__Data extracts__
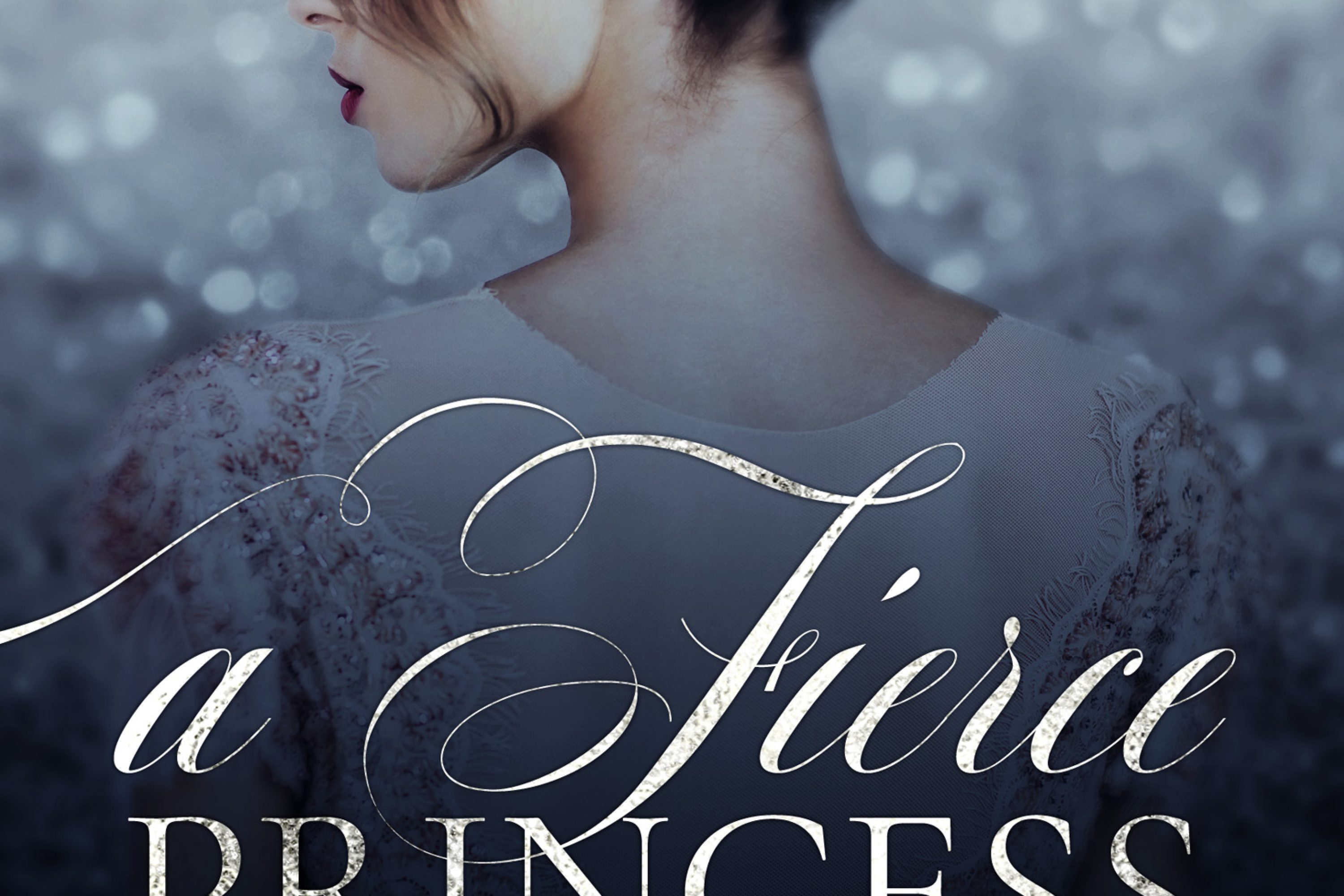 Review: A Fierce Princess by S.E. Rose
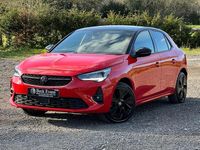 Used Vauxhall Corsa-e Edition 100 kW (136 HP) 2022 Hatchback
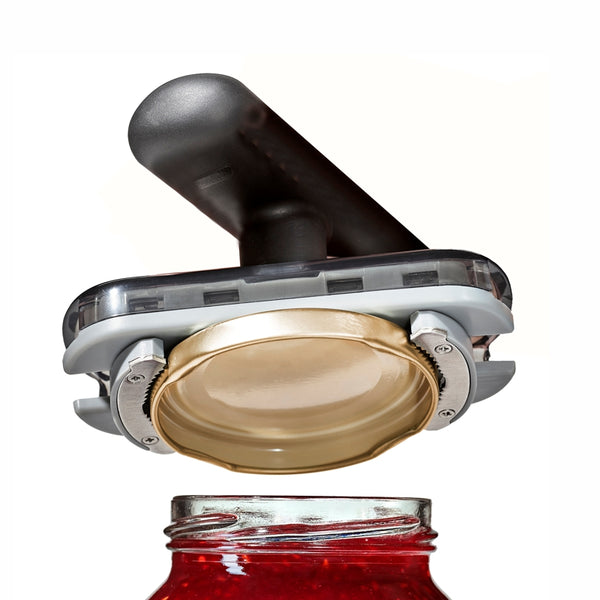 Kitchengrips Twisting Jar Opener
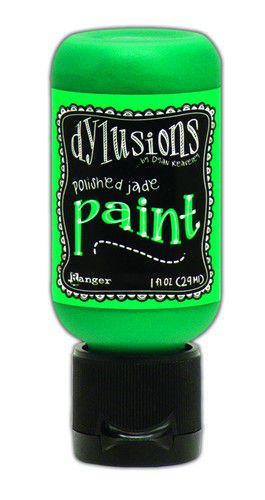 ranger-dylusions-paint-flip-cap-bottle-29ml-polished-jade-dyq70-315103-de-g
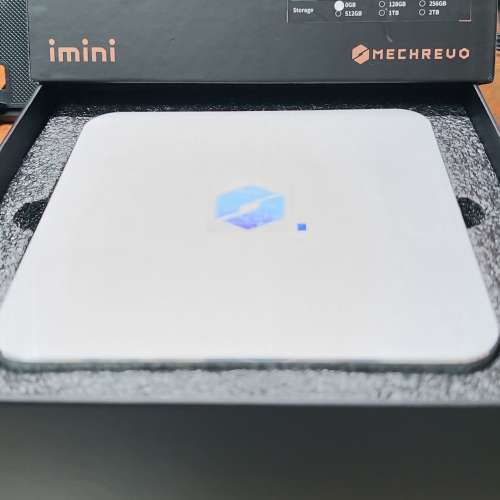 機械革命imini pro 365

__Exercise aim__
Beginning with the line that includes "Used Vauxhall Corsa-e" and ending with the last line of the material, reproduce those lines exactly and nothing else, with no pictures.

__Your solution__
 Used Vauxhall Corsa-e Edition 100 kW (136 HP) 2022 Hatchback
 Kitchengrips Twisting Jar Opener
 ranger-dylusions-paint-flip-cap-bottle-29ml-polished-jade-dyq70-315103-de-g
 機械革命imini pro 365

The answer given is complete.